Dialogue Policy Optimization in Low reseource Settings using Reinforcement Learning

An implementation of the paper "Dialog policy optimization for low resource setting using Self-play and Reward based Sampling"

This document describe how to run the policy optimization using different RL algorithm using the Self-play approach and Reward Based Sampling

Note : We have used the user simulator described in A User Simulator for Task-Completion Dialogues as the simulator. Github link to the user simulator can be found on here.

Introduction

The dialogue policy optimization is open-research problem and currently the state of the art methods have been based on Reinforcement Learning(RL). However, RL based methods tend to overfit in low resource setting. We are introducing a novel probability based method to address the overfitting problem. Since this methodology applies to a low amount of samples, this method can lead to an insufficient exploration of agendas by the agent. Therefore we further developed the methodology by introducing a selective sampling method based on the reward function that prioritizes the failed dialog acts, where the agent actively decides what agendas to use.

Architecture Diagram

Diagram below shows the overall achitecture of the system

Directory Structure

The important files and directories of the repository is shown below

├── src
    ├── deep_dialog
        ├── agents : contain RL agents
        ├── data : dialogue dataset with knowledge base and goals
        ├── dialog_system : contain dialogue manager
        ├── models : nlu and nlg models
        ├── nlg : Natural Language Generation Module
        ├── nlu : Natural Language Undersatanding Module 
        ├── qlearning : qlearning implementaiton in numpy
        ├── self_play : Self Play algorithm with reward based sampling
        ├── usersims : Agenda based user simualator
    ├── run_RL_experiment.py : To run the RL experiment on a given RL algorithm
    ├── run_RL.py : To run RL agent with the self-play and reward based sampling 
    ├── run.py : run agent without self-play and reward based sampling
    ├── user_goal_handler.py : run self-play and reward based sampling experiment varying number of samples
    ├── config.json : configuration file for user_goal_handler
    └── config_rl.json : configuration file for run_RL_experiment

Requirements

The system is implemented using Python version 2(Since the simualtor we used is implemented using Python 2)

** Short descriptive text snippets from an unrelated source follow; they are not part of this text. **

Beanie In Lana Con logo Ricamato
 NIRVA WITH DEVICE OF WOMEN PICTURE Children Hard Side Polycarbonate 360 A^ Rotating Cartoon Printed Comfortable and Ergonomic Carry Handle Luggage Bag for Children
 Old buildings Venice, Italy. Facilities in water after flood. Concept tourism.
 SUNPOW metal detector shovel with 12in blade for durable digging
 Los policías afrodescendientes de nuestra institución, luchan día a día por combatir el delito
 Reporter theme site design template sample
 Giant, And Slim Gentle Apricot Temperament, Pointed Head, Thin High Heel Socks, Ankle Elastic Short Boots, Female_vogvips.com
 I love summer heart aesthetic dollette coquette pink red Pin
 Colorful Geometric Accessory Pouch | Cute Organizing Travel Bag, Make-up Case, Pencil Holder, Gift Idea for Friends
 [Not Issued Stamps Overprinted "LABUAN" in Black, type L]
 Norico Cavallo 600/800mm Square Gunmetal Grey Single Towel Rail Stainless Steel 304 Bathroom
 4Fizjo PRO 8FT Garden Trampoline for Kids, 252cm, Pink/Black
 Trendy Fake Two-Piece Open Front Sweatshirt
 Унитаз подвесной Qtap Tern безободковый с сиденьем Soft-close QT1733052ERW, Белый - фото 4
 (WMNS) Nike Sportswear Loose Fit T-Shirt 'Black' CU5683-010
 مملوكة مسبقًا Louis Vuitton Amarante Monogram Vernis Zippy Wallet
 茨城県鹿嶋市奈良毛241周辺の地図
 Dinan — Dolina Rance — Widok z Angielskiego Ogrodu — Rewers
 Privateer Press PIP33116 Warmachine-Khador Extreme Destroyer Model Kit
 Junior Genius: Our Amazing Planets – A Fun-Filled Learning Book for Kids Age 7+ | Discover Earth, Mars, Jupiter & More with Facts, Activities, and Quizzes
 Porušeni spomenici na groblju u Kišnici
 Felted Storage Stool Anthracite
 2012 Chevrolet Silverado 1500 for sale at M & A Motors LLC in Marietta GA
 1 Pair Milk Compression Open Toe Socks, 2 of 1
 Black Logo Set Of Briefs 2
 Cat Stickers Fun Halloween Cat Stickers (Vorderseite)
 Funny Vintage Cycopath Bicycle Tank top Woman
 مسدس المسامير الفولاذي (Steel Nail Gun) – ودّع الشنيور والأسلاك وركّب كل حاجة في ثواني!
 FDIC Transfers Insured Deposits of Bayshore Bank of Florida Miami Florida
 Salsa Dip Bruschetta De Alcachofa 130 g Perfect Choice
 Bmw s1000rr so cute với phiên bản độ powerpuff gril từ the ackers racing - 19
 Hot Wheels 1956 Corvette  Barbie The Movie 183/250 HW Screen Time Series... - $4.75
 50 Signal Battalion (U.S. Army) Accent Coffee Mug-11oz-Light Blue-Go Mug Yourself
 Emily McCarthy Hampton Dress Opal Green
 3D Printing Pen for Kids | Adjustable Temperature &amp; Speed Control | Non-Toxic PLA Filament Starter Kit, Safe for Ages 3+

The following requirements are required

numpy
pandas
PyTorch
collections
typing

Running Dialogue Agents

Rule Agent

python run.py --agt 5 --usr 1 --max_turn 40
	      --episodes 150
	      --movie_kb_path ./deep_dialog/data/movie_kb.1k.p
	      --goal_file_path ./deep_dialog/data/user_goals_first_turn_template.part.movie.v1.p
	      --intent_err_prob 0.00
	      --slot_err_prob 0.00
	      --episodes 500
	      --act_level 0

Cmd Agent

NL Input

python run.py --agt 0 --usr 1 --max_turn 40
	      --episodes 150
	      --movie_kb_path ./deep_dialog/data/movie_kb.1k.p
	      --goal_file_path ./deep_dialog/data/user_goals_first_turn_template.part.movie.v1.p
	      --intent_err_prob 0.00
	      --slot_err_prob 0.00
	      --episodes 500
	      --act_level 0
	      --run_mode 0
	      --cmd_input_mode 0

Dia_Act Input

python run.py --agt 0 --usr 1 --max_turn 40
	      --episodes 150
	      --movie_kb_path ./deep_dialog/data/movie_kb.1k.p 
	      --goal_file_path ./deep_dialog/data/user_goals_first_turn_template.part.movie.v1.p
	      --intent_err_prob 0.00
	      --slot_err_prob 0.00
	      --episodes 500
	      --act_level 0
	      --run_mode 0
	      --cmd_input_mode 1

End2End RL Agent

Train End2End RL Agent without NLU and NLG (with simulated noise in NLU)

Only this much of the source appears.